The room is pretty big and is sectioned in half. The entry part has her desk which is a lot less than impressive, but reminds me of the standard commercial black desk with metal legs you can find in most office supply stores back home. Her computer monitor shields her from prying eyes outside the door in the waiting room.  That consultation area stands apart by the division of a small folding privacy screen in the middle of the room, just next to a sonogram computer, gynecology table, and another wide screen tv, this one doesn’t show Pink tv.

I undress my bottom half behind the screen while Gordon sits in the far seat of 2 chairs in front of the desk. He can see the monitor – it’s quite big. I slip on the white generic clogs for patient use to scurry over to the table, my naked butt following me, just on the horizon of my dressy blouse. I lay down and put my pretty painted toenail feet ‘here’ and ‘here’ on the 2 cushioned styrups. It’s probably the nicest gynecology table I’ve ever been on. And that’s saying a lot.

The doctor waves her magic wand to and fro inside, finding my left ovary pretty quickly – they always do. It has 3 follicles of comparable size, and a 4th that’s a bit smaller than the others. Yay, I am responding to the menopur! After measuring the 3, she moves to the right side and waves her wand to and fro, to and fro, to and fro again, “Loves me, loves me not” comes to mind as I watch the monitor for the right ovary to appear. I explain again that my right ovary is situated a bit behind my uterus. She pokes and searches but she can’t find it and she explains there’s no reason to dig for it now, so she won’t. When the follicles grow she’ll be able to find it more easily.

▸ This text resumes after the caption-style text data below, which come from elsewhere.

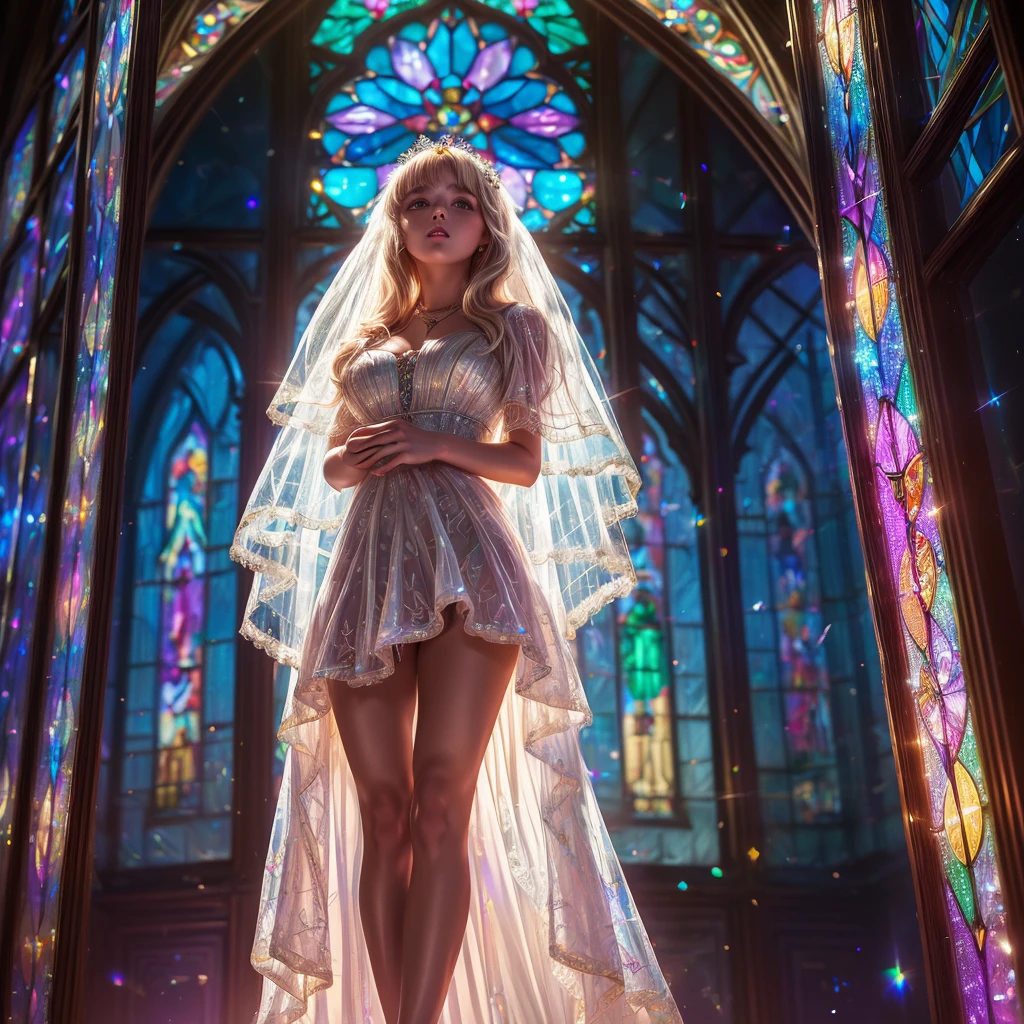 (Cathedral from below:1.28) (ZoomLayer) TopQuality 8K masterpiece of ((Professional photo)), (((Clarisse de Cagliostro))) (Detailed White WeddingDresses), Chain, (((Extremely detailed KAWAII face))) {((VeiledFace))|BlondeHair|(Elaborate BuleEyes)with(SparklingHighlights:1.28)}, The background is distant (((Elaborate stained glass))) Rainbow Glass, {(MysticSight)|EnchantingAtmosphere|Haze|(GodRays)|TyndallEffect}, Radiant PearlSkin with Transparency, (Exposed:0.39)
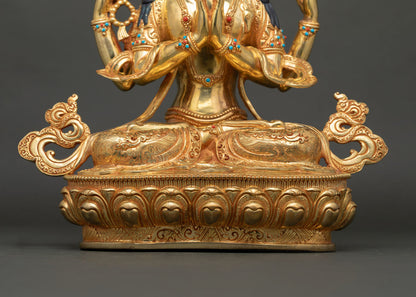 Four-armed Chenrezig Statue | Buddhist Meditation Sculpture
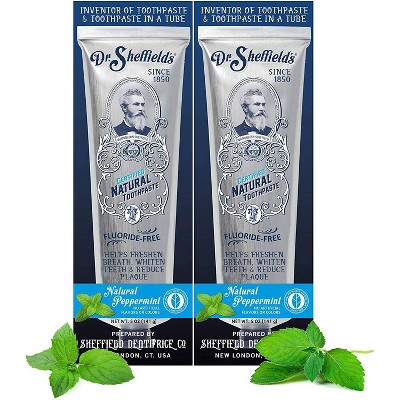 Dr. Sheffield's Certified Natural Peppermint Toothpaste - 2pk/10oz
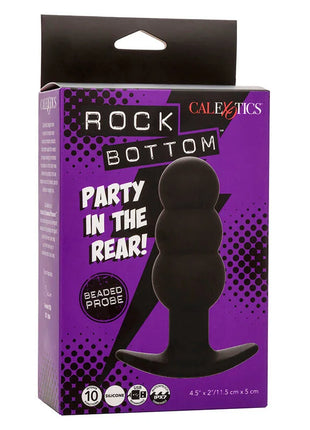 Schwarzer silikon analplug mit perlen und 10 vibrationen von calexotics modell rock bottom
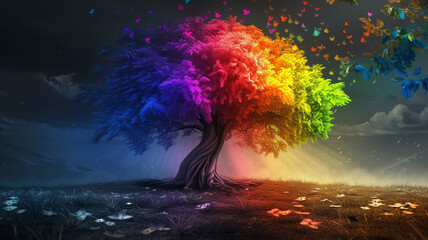 Obraz na płótnie Canvas A fantastical tree radiating rainbow colors amidst whimsical butterflies. AI Generative.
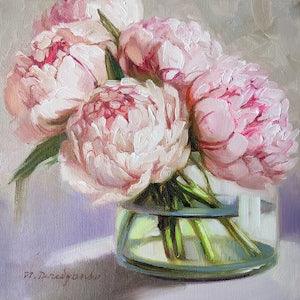 Peony flowers oil painting canvas original art, Floral painting bloom, Pink flower bouquet pink peony wall art, Birthday gift for wife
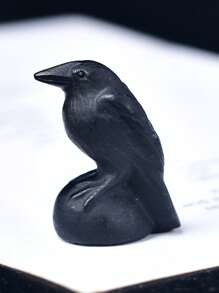 CUPIDCRYSTAL 1pc Black Obsidian Carved Crow, Quartz Crystal Crow, Mini Crystal Ornament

After the appointment we left to return to the pharmacy, with the cash Gordon had taken from the ATM in town when he went on Friday to the medical center for his mom with the papers she needed signed for her broken ‘leg’. We bought just enough menopur to get us to our next appointment on Tuesday. We got home well before noon and sat in his moms bed while he recapped our adventure and all that everyone said. Her cell phone rang, which we designated for the doctors calls, and he jumped up to answer it. How he hates the phone. When he hung up, he said my estradiol was good, and my level was 145, he thought, but he couldnt remember for sure. I pressed him to remember, in English, outside his moms bedroom door who sat wondering what we were saying with that blank look I sometimes get when the conversation is just too far beyond my ability to interpret. He bit my head off because he was feeling the stress of not being understood like old times, and was upset I was making him feel like he should call back and ask for the level again. Mostly, I think, he was aggitated because when I asked when and if ICSI would be considered, the doctor informed us it would be done now, and said it casually as though we were already aware of that. Thankfully I came to terms with that, and Gordon didn’t have real strong issue with it – so he was just annoyed that we weren’t informed or consulted and that the decisions were happening without us.

We slept and took the shot at the right time. Our next appointment was on Tuesday, which was basically a replay of Saturday, with an icrease in Estradiol to 395. The left follicles had grown, the right ovary still MIA. It was supposed to be the day she announced when the eggs would be retrieved, but we had to wait for them to grow a bit more. Today we would buy the Cetrotide to inhibit natural ovulation, and start that one on Wednesday night along with the Menopur.